> What the task asks
Your task is to copy every line of the entries that contains "WITH".

> Dataset records
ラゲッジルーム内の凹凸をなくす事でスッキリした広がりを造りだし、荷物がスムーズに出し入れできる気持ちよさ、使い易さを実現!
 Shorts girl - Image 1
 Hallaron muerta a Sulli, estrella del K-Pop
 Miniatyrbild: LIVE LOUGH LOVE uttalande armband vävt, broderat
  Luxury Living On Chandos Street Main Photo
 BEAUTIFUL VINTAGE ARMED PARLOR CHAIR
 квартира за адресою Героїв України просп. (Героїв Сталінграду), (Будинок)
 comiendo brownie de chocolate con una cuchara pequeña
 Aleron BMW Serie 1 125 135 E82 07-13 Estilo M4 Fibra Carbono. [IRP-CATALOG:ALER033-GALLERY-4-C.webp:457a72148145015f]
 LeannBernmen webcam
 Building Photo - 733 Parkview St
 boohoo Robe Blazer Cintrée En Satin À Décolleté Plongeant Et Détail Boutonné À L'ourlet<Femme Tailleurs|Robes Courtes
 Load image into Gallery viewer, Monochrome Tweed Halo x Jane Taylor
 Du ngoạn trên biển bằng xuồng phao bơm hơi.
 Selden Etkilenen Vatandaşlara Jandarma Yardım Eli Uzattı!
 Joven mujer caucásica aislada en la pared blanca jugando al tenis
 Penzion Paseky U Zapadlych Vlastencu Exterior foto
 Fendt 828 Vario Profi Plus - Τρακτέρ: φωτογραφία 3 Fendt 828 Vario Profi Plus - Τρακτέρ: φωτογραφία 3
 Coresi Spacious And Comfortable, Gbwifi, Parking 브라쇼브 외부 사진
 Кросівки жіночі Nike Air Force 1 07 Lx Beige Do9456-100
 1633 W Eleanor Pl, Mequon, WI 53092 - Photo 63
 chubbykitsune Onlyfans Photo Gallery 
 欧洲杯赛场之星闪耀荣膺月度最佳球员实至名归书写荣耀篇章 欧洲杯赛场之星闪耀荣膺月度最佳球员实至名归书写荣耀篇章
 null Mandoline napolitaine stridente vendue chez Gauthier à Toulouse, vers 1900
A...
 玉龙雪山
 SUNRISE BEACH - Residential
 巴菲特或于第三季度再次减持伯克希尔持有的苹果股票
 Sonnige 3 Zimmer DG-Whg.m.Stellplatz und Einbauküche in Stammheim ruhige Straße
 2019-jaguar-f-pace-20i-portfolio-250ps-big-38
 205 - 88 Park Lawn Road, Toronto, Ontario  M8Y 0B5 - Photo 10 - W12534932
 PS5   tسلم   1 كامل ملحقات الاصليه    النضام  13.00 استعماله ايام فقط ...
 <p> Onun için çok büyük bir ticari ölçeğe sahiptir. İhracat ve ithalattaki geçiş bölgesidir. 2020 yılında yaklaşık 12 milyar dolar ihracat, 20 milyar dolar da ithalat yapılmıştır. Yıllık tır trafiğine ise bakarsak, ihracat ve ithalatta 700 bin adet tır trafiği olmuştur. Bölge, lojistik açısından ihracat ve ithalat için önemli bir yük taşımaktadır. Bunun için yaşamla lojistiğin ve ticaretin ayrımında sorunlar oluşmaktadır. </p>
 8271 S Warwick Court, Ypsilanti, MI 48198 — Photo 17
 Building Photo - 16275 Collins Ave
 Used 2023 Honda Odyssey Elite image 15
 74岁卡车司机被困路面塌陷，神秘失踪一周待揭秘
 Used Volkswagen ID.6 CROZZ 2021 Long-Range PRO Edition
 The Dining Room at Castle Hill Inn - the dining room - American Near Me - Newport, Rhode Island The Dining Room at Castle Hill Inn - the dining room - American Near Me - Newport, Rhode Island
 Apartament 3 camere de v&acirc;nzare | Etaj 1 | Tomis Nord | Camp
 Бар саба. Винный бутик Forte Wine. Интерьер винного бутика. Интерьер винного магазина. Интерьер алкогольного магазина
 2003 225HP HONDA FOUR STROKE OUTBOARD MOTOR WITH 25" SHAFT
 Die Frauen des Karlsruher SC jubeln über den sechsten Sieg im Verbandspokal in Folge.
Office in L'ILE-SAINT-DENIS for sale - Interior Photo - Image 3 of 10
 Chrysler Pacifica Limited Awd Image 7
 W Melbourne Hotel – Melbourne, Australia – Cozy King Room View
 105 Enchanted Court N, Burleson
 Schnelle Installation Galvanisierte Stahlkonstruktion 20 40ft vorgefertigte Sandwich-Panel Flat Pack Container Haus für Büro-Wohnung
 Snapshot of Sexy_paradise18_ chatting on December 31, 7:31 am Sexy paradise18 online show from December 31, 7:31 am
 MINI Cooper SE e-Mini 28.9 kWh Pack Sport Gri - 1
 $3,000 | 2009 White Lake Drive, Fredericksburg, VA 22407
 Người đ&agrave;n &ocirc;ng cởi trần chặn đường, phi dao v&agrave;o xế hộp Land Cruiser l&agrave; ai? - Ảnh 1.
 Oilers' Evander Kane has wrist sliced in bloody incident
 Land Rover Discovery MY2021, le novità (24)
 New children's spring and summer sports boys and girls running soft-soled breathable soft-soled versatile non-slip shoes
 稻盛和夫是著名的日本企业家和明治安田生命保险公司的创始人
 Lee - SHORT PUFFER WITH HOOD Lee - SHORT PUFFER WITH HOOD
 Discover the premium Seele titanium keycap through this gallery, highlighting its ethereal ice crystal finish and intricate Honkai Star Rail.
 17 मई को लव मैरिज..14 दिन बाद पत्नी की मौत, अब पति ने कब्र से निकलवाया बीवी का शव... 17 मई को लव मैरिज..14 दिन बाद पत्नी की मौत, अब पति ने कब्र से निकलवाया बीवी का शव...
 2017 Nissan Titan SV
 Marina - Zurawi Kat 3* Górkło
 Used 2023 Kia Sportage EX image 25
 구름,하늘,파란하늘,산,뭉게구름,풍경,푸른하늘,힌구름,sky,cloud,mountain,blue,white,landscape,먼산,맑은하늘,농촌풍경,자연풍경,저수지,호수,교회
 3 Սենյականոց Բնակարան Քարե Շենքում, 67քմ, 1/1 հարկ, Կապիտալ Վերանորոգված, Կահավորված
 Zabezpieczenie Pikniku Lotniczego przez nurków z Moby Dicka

> Output of the task
 2003 225HP HONDA FOUR STROKE OUTBOARD MOTOR WITH 25" SHAFT
 Lee - SHORT PUFFER WITH HOOD Lee - SHORT PUFFER WITH HOOD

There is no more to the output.